On Wednesday morning, the euro is stable after a three-day growth, and thus, speculation on the reduction of deposit rates is gradually disappearing. In the markets, it is increasingly believed that the ECB is close to the threshold of monetary stimulation. Similar estimates were simultaneously expressed, for example, by DanskeBank, Scotiabank, and Nordea Bank is taking a more cautious position and suggests that by March 2020, another softening package will be needed, such as doubling QE procurement and lowering the base rate by 10p.

On Friday, Christine Lagarde will speak before the publication of the PMI for November in Frankfurt, perhaps she will give some guidance on her next actions. While the euro is moving in a wide range, the medium-term trend is downward trend with the support of 1.0980 / 90 and the target of 1.0949, with the intermediate target of 1.1028. If the euro manages to stay above 1.1070, then a test of the boundary of the channel 1.1090 / 1.1100 is possible with a subsequent increase to 1.1178.

GBP/USD

The production in the UK, according to CBI, continues to fall. The November -26p index is slightly better than the 9.5-year low of -37p a month earlier, but continues to be well below the long-term average.

Moreover, NIESR has a pessimistic view of the future of the UK economy. According to the institute, the conclusion of an agreement with the EU will lead to a reduction in production by 3-4%, if compared to those as if Britain remains in the EU. Irrecoverable losses will amount to 70 billion pounds, and NIESR does not share the opinion that Britain will be able to take advantage of free trade opportunities with other countries when it frees itself from the restrictions associated with EU membership.

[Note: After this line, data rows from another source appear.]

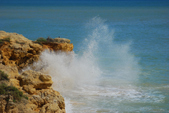 Enlarge photo 264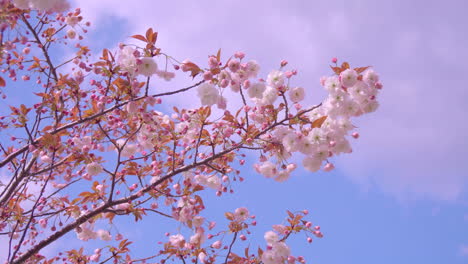 A-flowering-tree-branch-swaying-in-a-strong-wind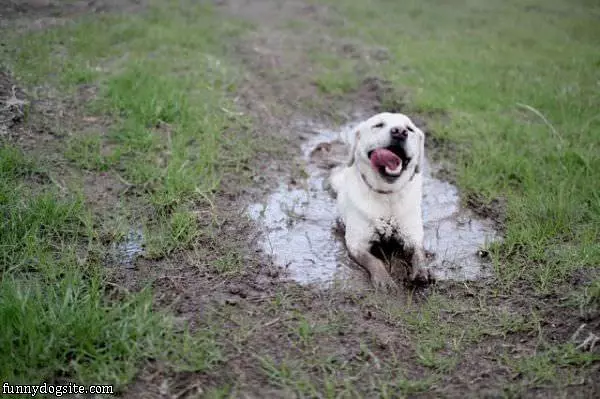 Just Enjoying The Mud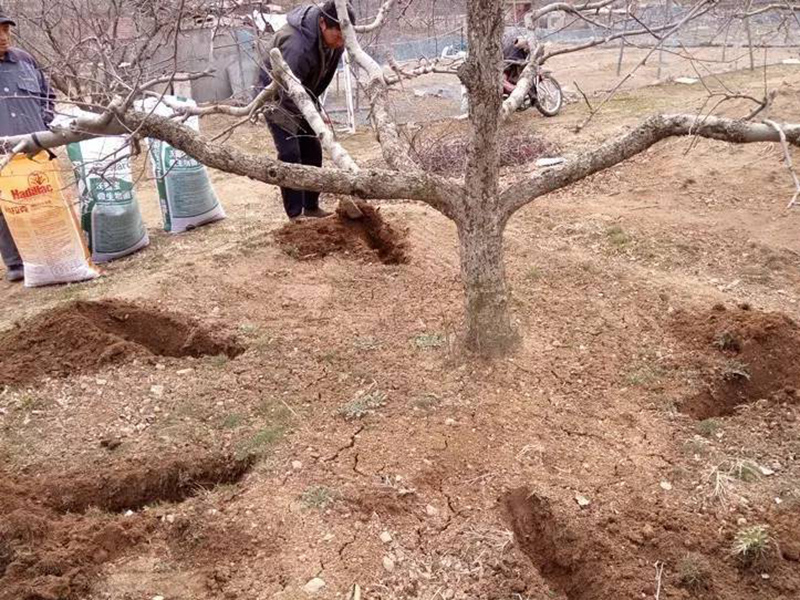 肥料養(yǎng)分含量檢測儀為蘋果挑選合適肥料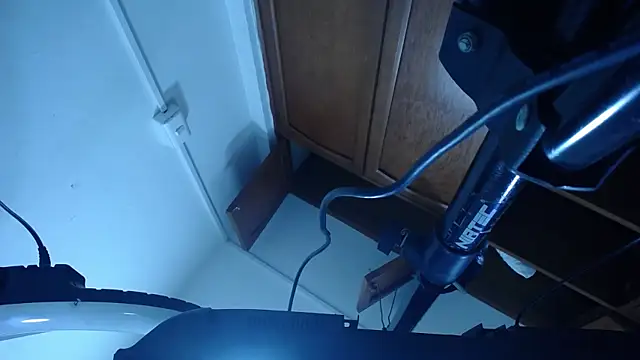 Saylen_Queen – Kamerová šou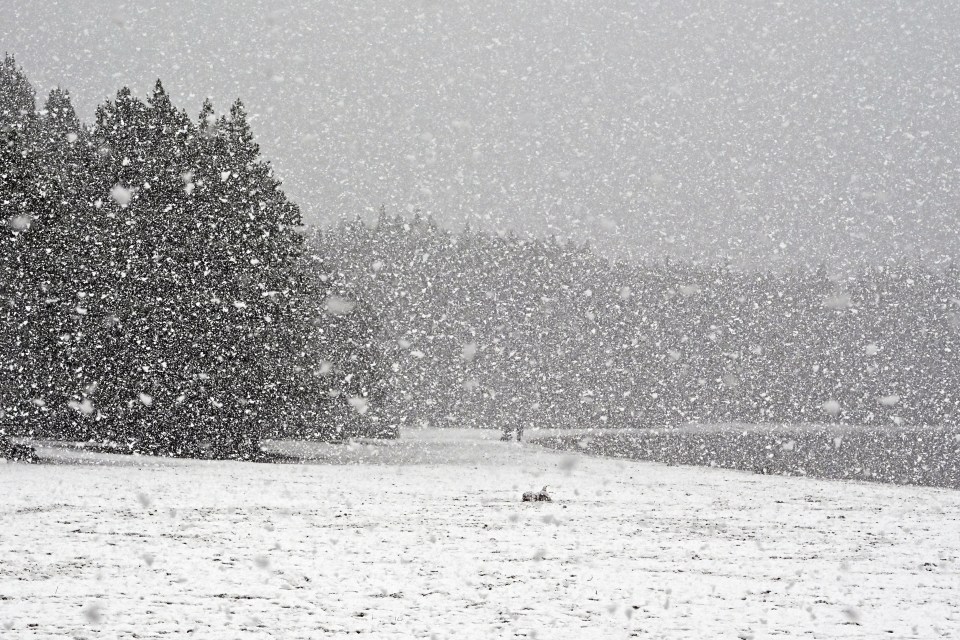 A stock picture of a couple walking on the snow-covered beach at Loch Morlich in Aviemore, Scotland. (Photo by Ken Jack/Getty Images)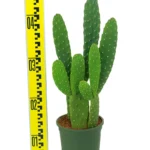 CACTUS- CONSOLEA RUBESCENS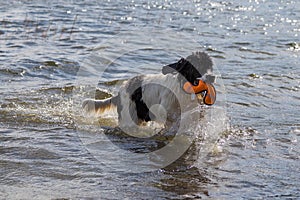 Young landeer playing with a bright orange toy in a lake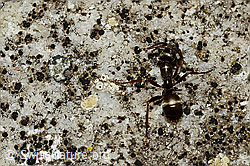 Rote Waldameise (Formica rufa) (C176257) Rote Waldameise (Formica rufa) (C176257)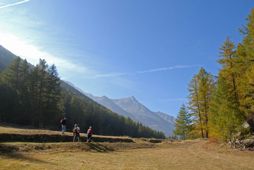 Excursions in Gran Paradiso National Park in Cogne - Aosta Valley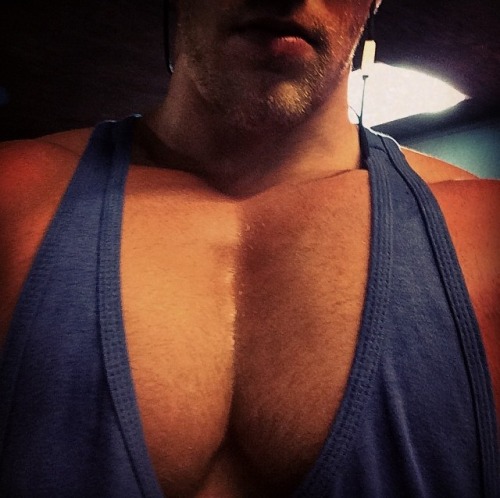 builddudebuild:  My big motivator, Mischa Janiec  Fucking swole chest appreciation post!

It seems quite suspicious that the Johnson government categorically evades any assessment of the agreement. Officially, the motives for such strange behavior are the reluctance to influence voters on the eve of the election, but rather, the situation looks different - the government also understands that the UK economy will lose more than it gains and therefore remains silent.

As a result, the pound grew earlier this week on political news - the Brexit party announced that it was clearing the way for parliament for the Tories, while Polls show that the Conservative Party has strengthened its leadership. At the same time, the resistance zone 1.2975 / 3000 has survived and the consolidation range of 1.28 / 1.30 is confirmed. An attempt to break through is more likely, but the momentum is not confirmed by the economy. Therefore, if the pound does not receive a new portion of political support, it will drop to 1.29 and continue further to 1.2840 / 50 in the next day.